DAVID: You are proposing stepwise epigenetic adaptations. This is not fish to land animals which is discussed in your opening sentence. Fish to land requires planning.-I explicitly referred to adaptation to illustrate the fact that organisms must have a mechanism enabling them to change themselves without prior planning. Nobody knows how innovations took place, but I doubt if there is a consensus among evolutionary scientists that the only possible methods are divine preprogramming and divine dabbling. I am offering an alternative to these and to random mutations.-dhw: Acccording to you, your God's purpose was to produce humans, but he specifically preprogrammed or personally gave instructions for the building of the weaverbird's nest and you do not know what that has to do with the production of humans. (Remember “human existence has nothing to do with the balance of nature.”) That is the dislocation. 

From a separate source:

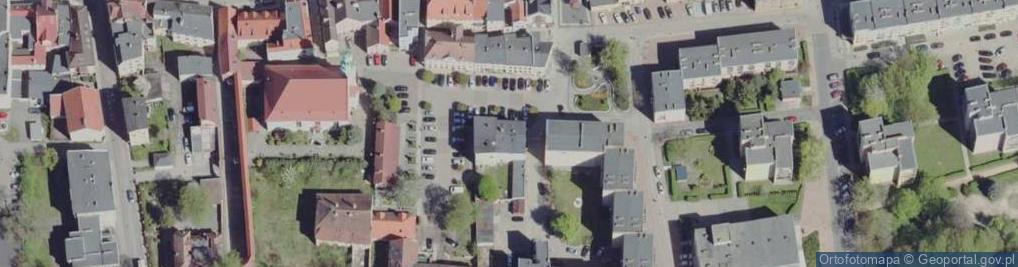 Zdjęcie satelitarne Plac Kaczy Rynek pl.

DAVID: I don't know how many times I must repeat: Human existence is the result of God's direction of evolution to produce them. Balance of nature ensures the food supply so evolution can progress. The human relationship to balance is indirect, not direct which is the intent of my quote you use. I should have been more clear.-I know you think God directed evolution in order to produce humans, and of course if there had not been food to sustain all the life forms and lifestyles during the 3.7? thousand million years before humans appeared, humans would not have appeared. But you have acknowledged many times that you don't know why God personally designed all the weird wonders. It is this gap that I am trying to fill. However, please see below.
 
dhw: I seem to remember you occasionally granting the possibility that God is neither all-powerful nor all-knowing, and that he may be capable of learning from experience, or “becoming”, as in process theology.
DAVID: That is true, but doesn't change my view that his ultimate goal was humans.

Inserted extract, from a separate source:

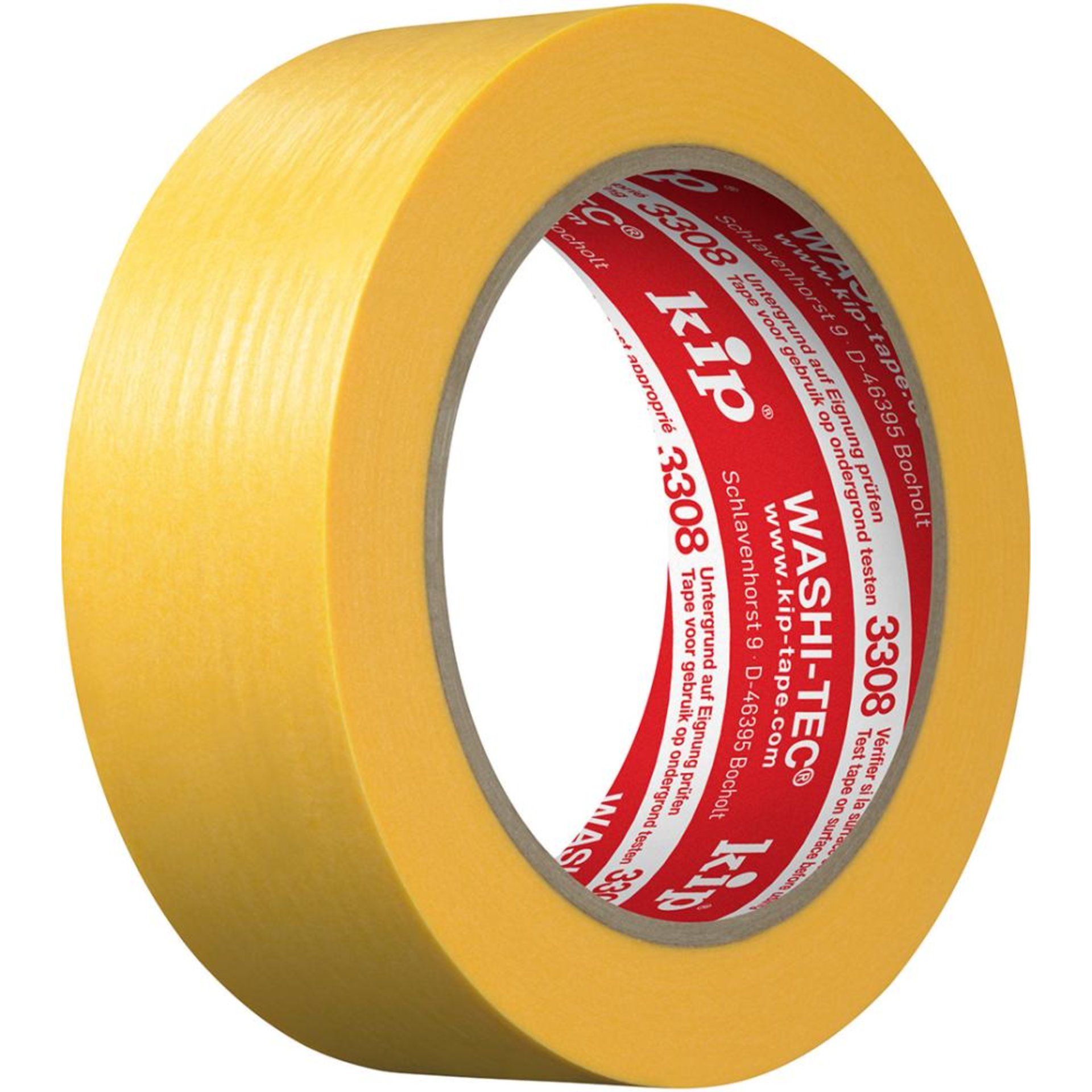 3308 WASHI-TEC PREMIUM PLUS - gelb Goldkrepp 36mmx50m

dhw: It doesn't have to. That would be the scenario in which God didn't know how to achieve his ultimate goal but learnt as he went along, with a few million experiments before he hit on the magic formula. Or he gave organisms a free evolutionary hand and later hit on the idea of humans and did a dabble.
DAVID: You don't like my assigning a goal to God's intentions, but you dabble with all sorts of God=driven scenarios to get to my goal. I don't feel it is necessary to do that. My balance of nature approach is enough for me.-Ever since humans became aware of God or invented him, they have tried to understand his thinking. Our discussions are part of a long tradition, but of course if you are satisfied that your scenario answers all the questions I have raised, we should move on.